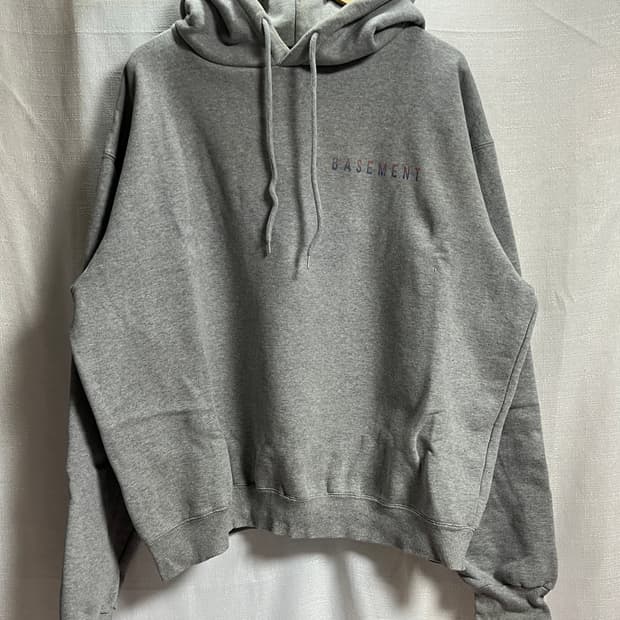 ONA 베이스먼트 회색 오버핏 후드티 L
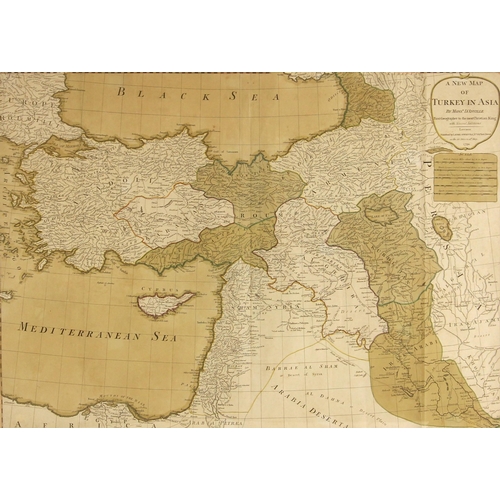 473 - After Jean Baptiste Bourguignon d'Anville (French, 1697-1782), 'A New Map Of Turkey in Asia by Monsr... 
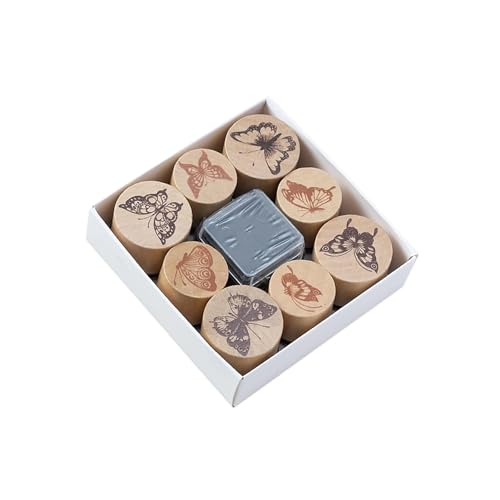8pcs Holzblumenstempel Mit Inkpad 25mm 30mm Craft Scrapbooking Stamper Für Kartenherstellung Journal Foto Album Set Set 8pcs Holzblumenstempel Mit Inkpad 25mm 30mm Craft Scrapbooking Stamper Für Kartenherstellung Journal Foto Album Set Set von CPAOWEHF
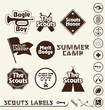 Vector Set: Boy Scout Merit Badge Labels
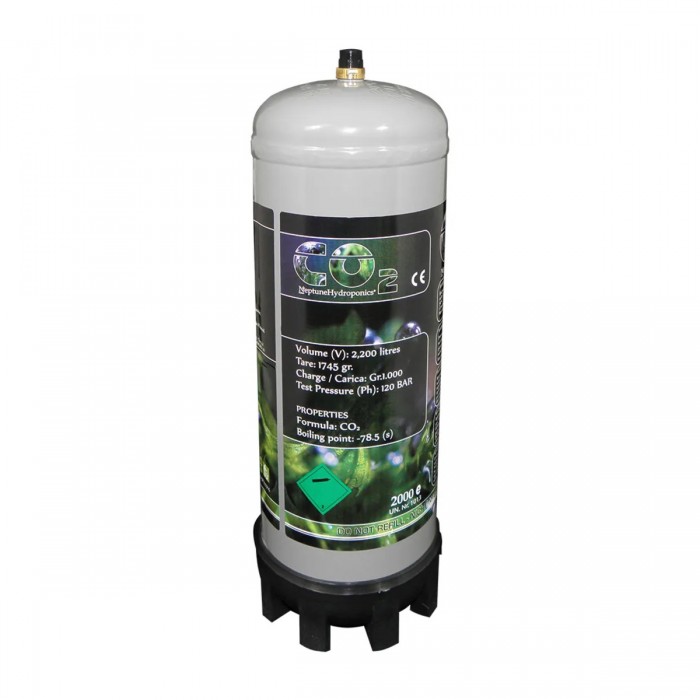 Bombona de CO2 para Kit Neptune Hydroponics.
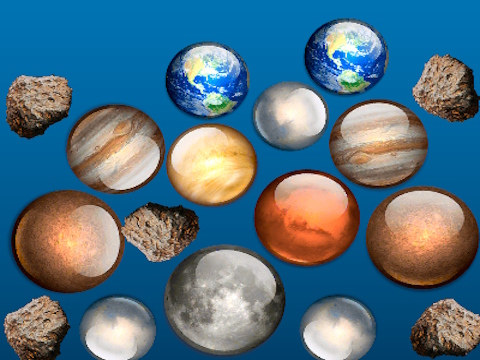 Žaidimas Sujunkite planetų erdvę!  internete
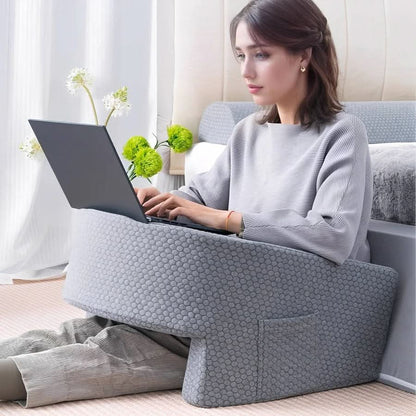 Comfortable Reading Pillow with Armrest and Lumbar Support - Halri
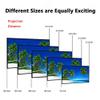 60/130 Inch Portable 16: 9 Projector Screen Anti-Light Curtains Home 3D Digital Projection for Theater view 3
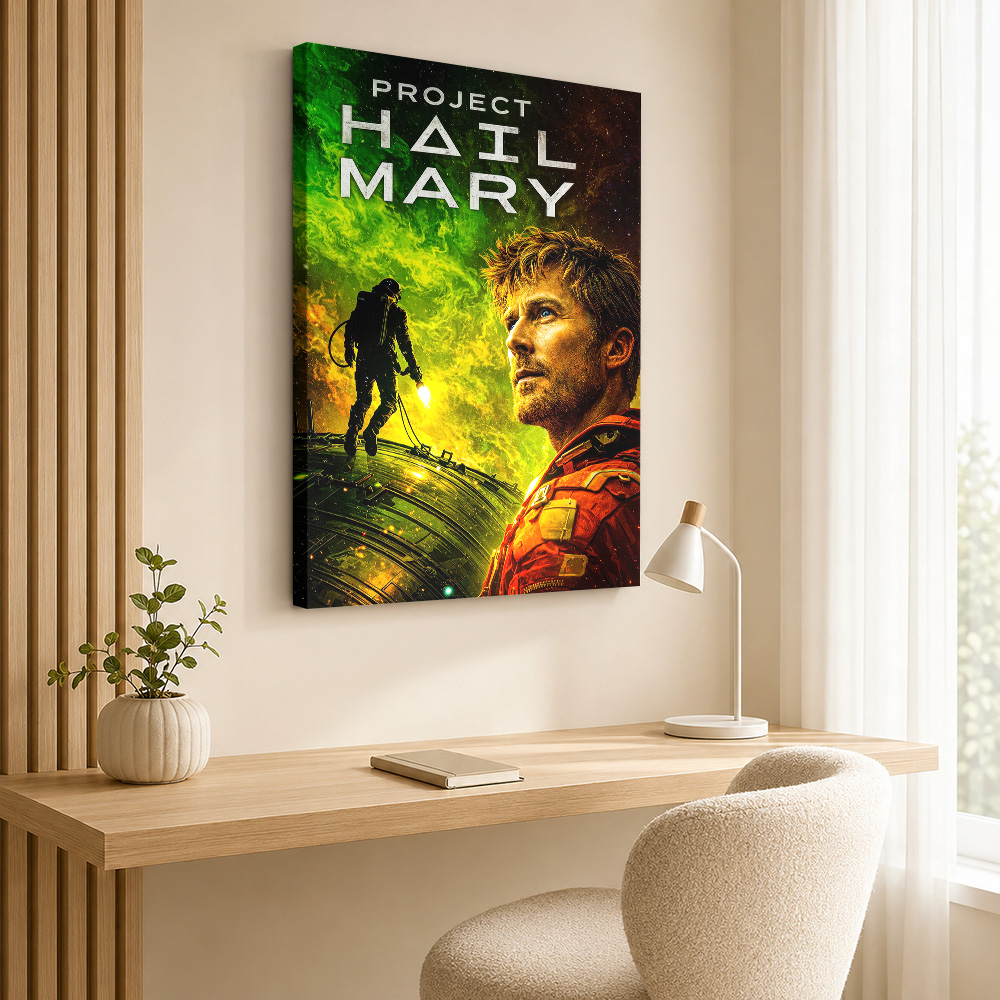 Project Hail Mary Film Kanvas  - Vintage Collectible Posters incelemesi ve fiyatı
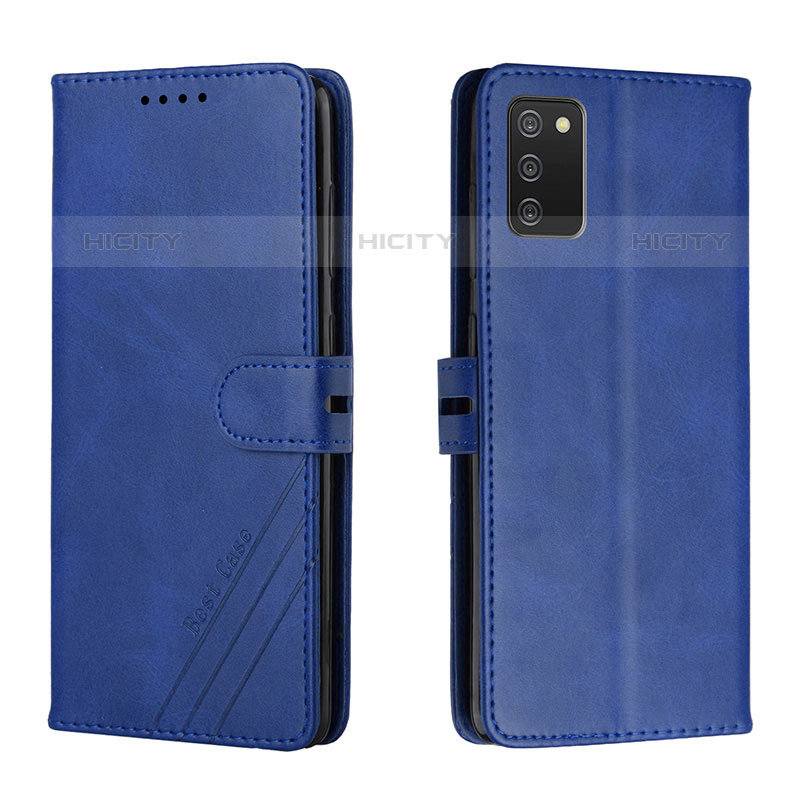 Handytasche Stand Schutzhülle Flip Leder Hülle H02X für Samsung Galaxy M02s Blau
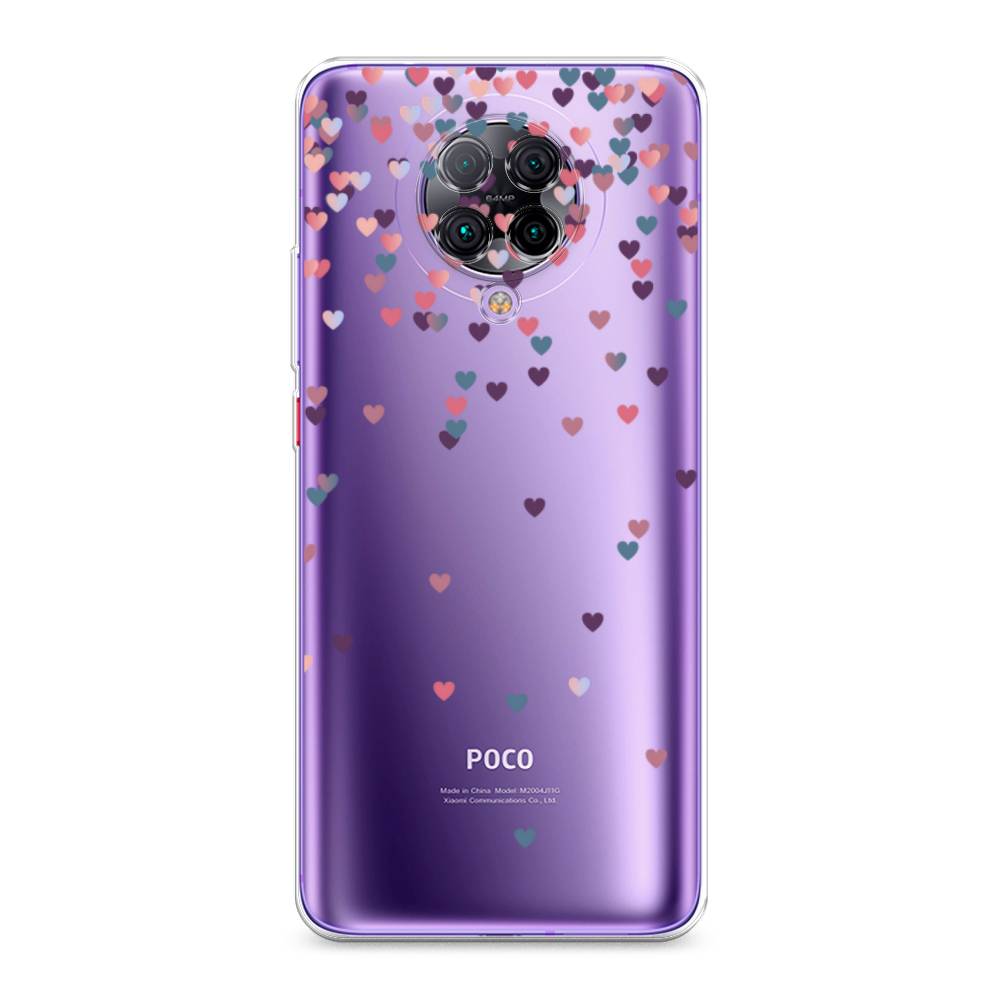 

Чехол на Xiaomi Poco F2 Pro/Redmi K30 Pro "Посыпка сердечки", Розовый;фиолетовый, 37050-3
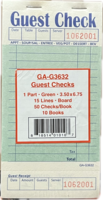SINGLE  CARDBOARD  GREEN  CHECK 3 X 6 ( 50 / 50 )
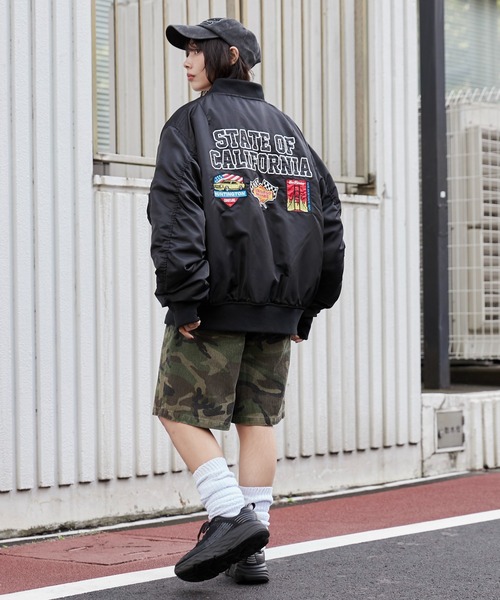 WEGO（ウィゴー）の「WEGO/パテッドワッペンMA-1（MA-1・メンズ・ブラック/カーキ・MEDIUM/LARGE）」の22枚目の写真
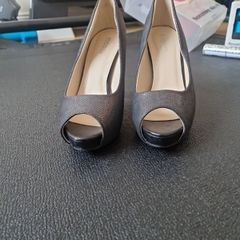 open toe high heels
+---+
[What you have to do]:
Every line from the one holding "Comfortable Reading Pillow" through the last line of the entries above, and nothing else, is to be restated word for word. Pictures stay out.

[Task solution]:
 Comfortable Reading Pillow with Armrest and Lumbar Support - Halri
 60/130 Inch Portable 16: 9 Projector Screen Anti-Light Curtains Home 3D Digital Projection for Theater view 3
 Project Hail Mary Film Kanvas  - Vintage Collectible Posters incelemesi ve fiyatı
 Handytasche Stand Schutzhülle Flip Leder Hülle H02X für Samsung Galaxy M02s Blau

Чехол на Xiaomi Poco F2 Pro/Redmi K30 Pro "Посыпка сердечки", Розовый;фиолетовый, 37050-3
SINGLE  CARDBOARD  GREEN  CHECK 3 X 6 ( 50 / 50 )
 WEGO（ウィゴー）の「WEGO/パテッドワッペンMA-1（MA-1・メンズ・ブラック/カーキ・MEDIUM/LARGE）」の22枚目の写真
 open toe high heels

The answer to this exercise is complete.